What makes Rivendell stand out as a tourist destination, however, is its graceful garden trailing down the slope from its restaurant and tasting room. Factor in the homemade preserves and the bush accommodation, and the indulgence factor is high.

“We make wines which we enjoy,” says Standish. “The same goes for the preserves and restaurant meals. We’re also focused on making it a child-friendly place, which are becoming few and far between.”

In bushland north of the township stands the Margaret River Chocolate Factory. There’s nothing humble about this business: they describe their product as the “food of the gods”. But let’s face it, a lot of people think of chocolate that way.

Creating quality chocolate is not as easy as you think. Though the raw materials are imported from Europe, they must then be blended and tempered to bring out flavour and texture. It’s not unlike the art of coffee blending and roasting, and requires the services of a skilled chocolatier.

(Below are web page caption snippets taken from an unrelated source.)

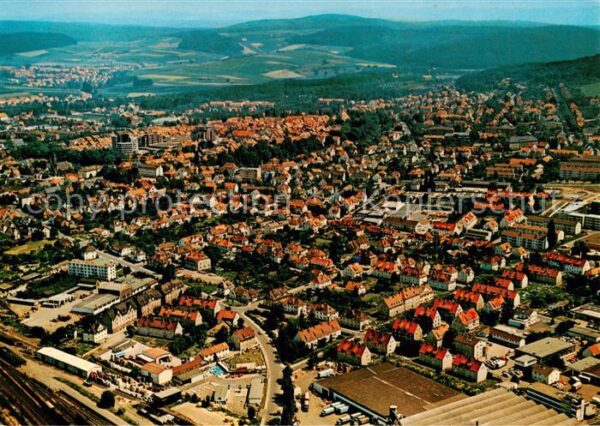 Northeim Fliegeraufnahme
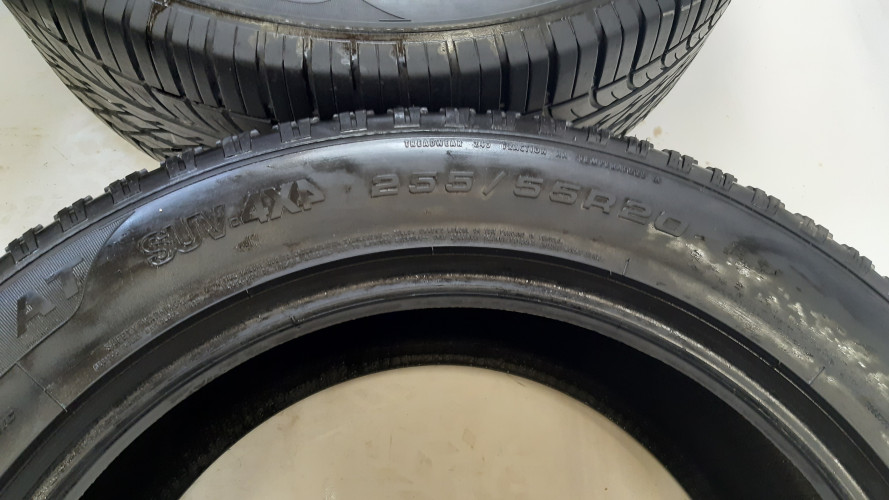 OPONY GOODYEAR EAGLE  F1AT 255/55/20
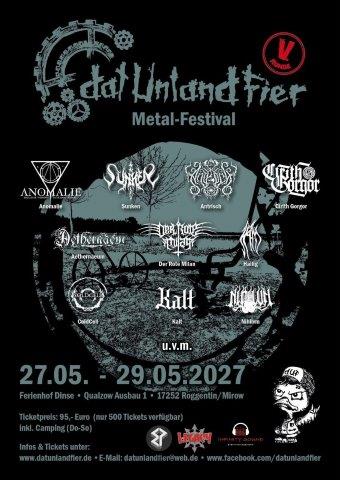 13.6.2026 Festival Dat Unland Fier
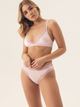 Majtki figi damskie koronkowe Bloovii Selsey 43237-03X L Różowe (5903972577400) - obraz 4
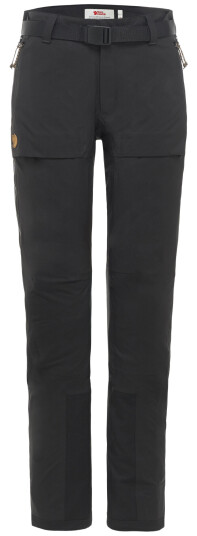Fj�llr�ven KEB ECO-SHELL TROUSERS W BLACK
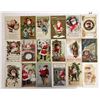 Image 1 : Santa Holiday Greeting Christmas Postcards 40+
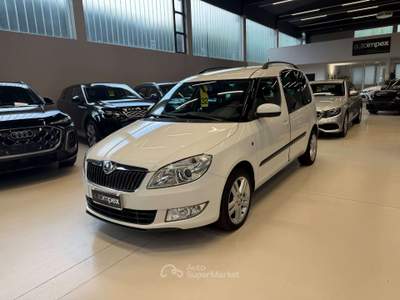 Skoda Roomster 1.2 tdi cr 75cv CRUISE/SENSORI Bianco usata Merano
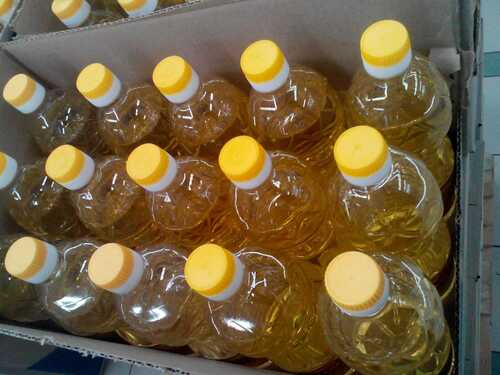 refined cooking oil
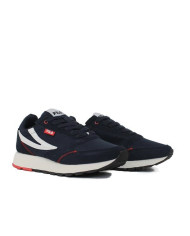 Buty męskie Fila RUN FORMATION FFM022350007 Niebieskie - Sklep online Mastersport
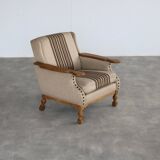Brutalist armchair | armchair | 1960s | Danish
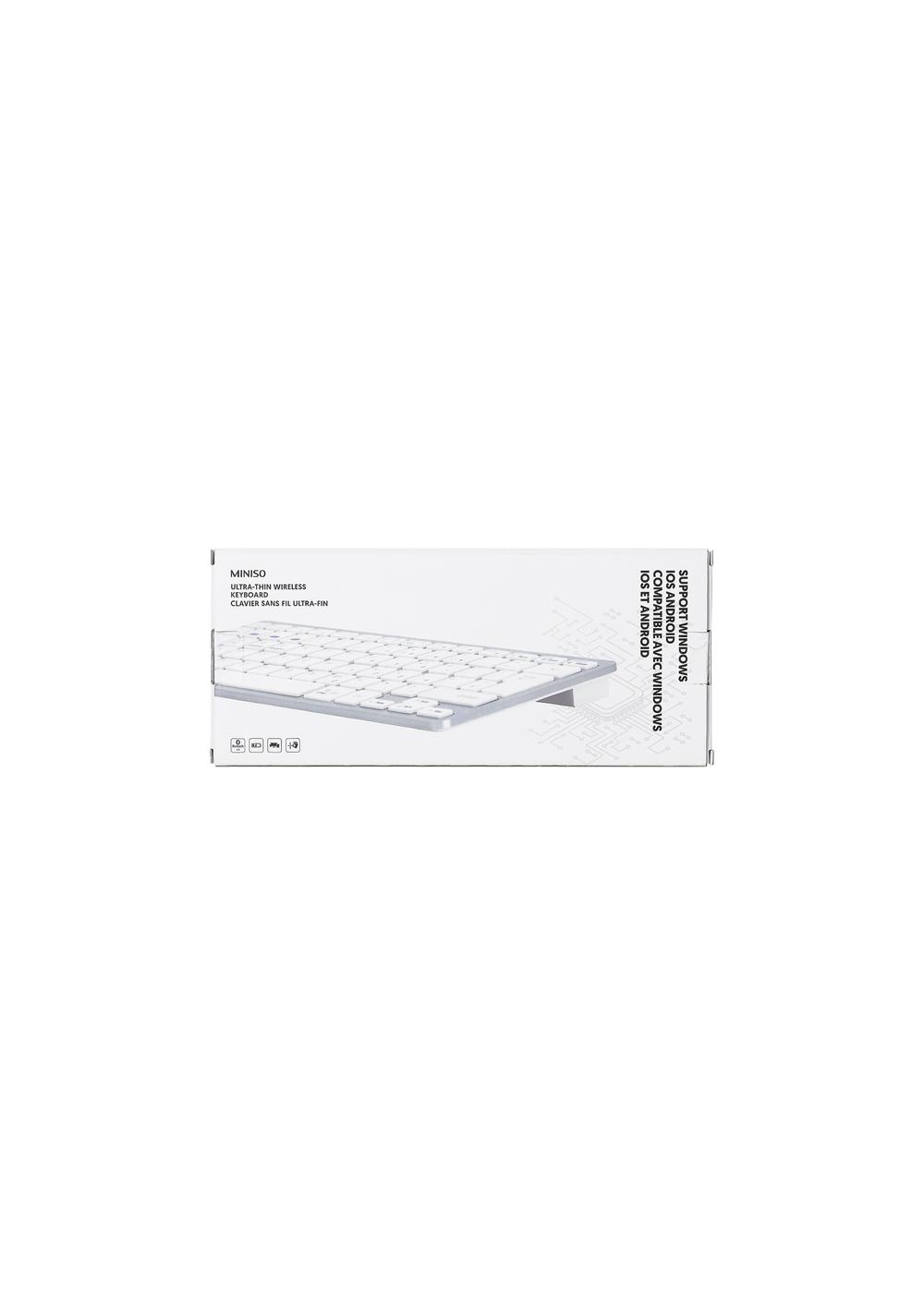 Teclado Inalámbrico Ultra Delgado Miniso Unisex - Vista 6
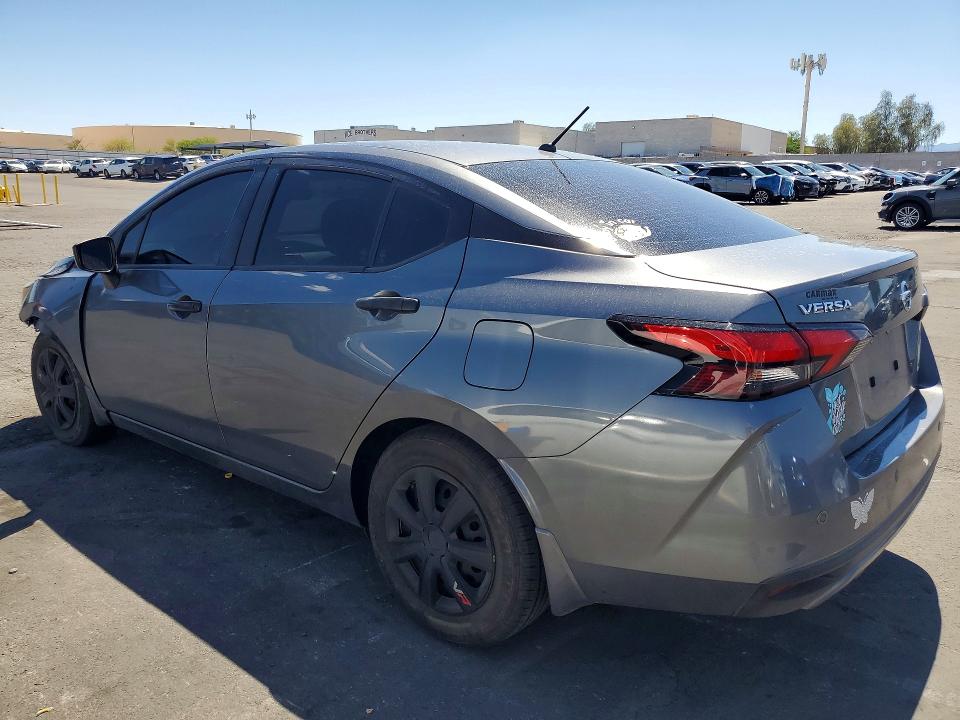 58930366 :رقم المزاد ، 3N1CN8DV1LL919115 vin ، 2020 Nissan Versa مزاد بيع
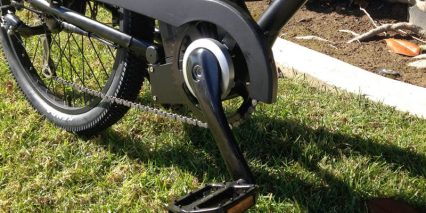 Motiv Spark Chain Guard Pedal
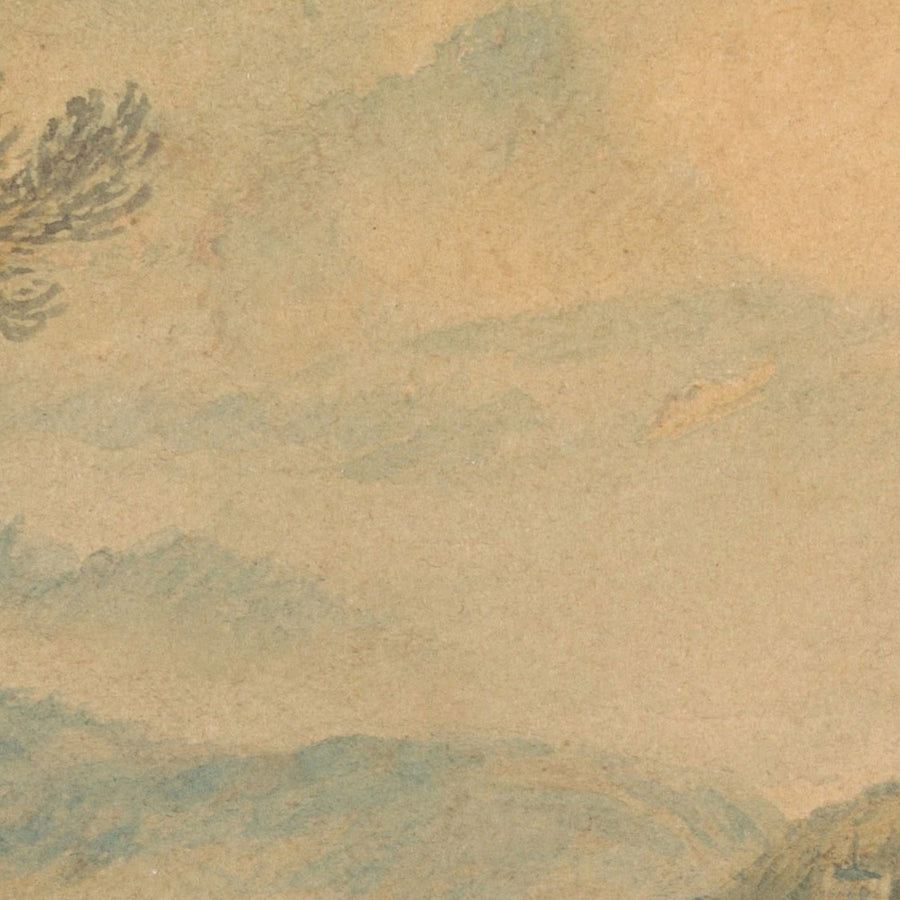 Castello di Lulworth, Dorset di Turner, 1820 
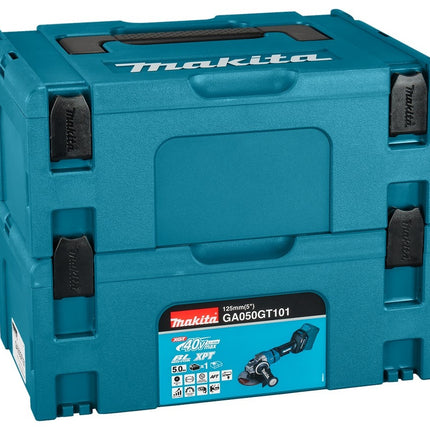 Makita GA050GT101 40V Max Haakse slijper 125 mm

The beautiful native bushland, with its gum trees and birdsong, provides a distinct contrast with the skilled European tradition practised within. Large bowls hold pellets of dark and milk chocolate for visitors to sample, while glass cases are lined with the finished product. Through a window, the process of chocolate-making can be viewed in action. Approaching Easter, the busiest time of the year, chocolate rabbits rotate at the end of steel rods, cooling down after being formed.

On the nearby Bussell Highway, more gleaming equipment is churning away. There’s no chocolate here, however. The location is Fonti Farm, home of the Margaret River Dairy Company, and the product is cheese.

Margaret River’s dairy industry is a legacy of the group settlement scheme of the 1920s, which aimed to lure migrants to new farming areas. Although now overshadowed by the thriving wine industry, it still has a presence around the small town of Cowaramup.

As in the Chocolate Factory, visitors can watch the experts at work. This is where Western Australia’s only locally produced bries and camemberts are made, along with a range of hard cheeses flavoured with chilli, pepper, chives, onion, garlic and parsley.

Oscar Wilde once said “I can resist everything except temptation.” Wilde would approve of modern-day Margaret River. From a struggling settlement in the Western Australian bush, it’s become the indulgence centre of the south-west.

Wine. Chocolate. Cheese. What else is there?

Note: As this article is based on personal experience from some years ago, the author takes no responsibility for readers' reliance on the information within. Always check on the current wine/chocolate/cheese situation before travelling to Margaret River.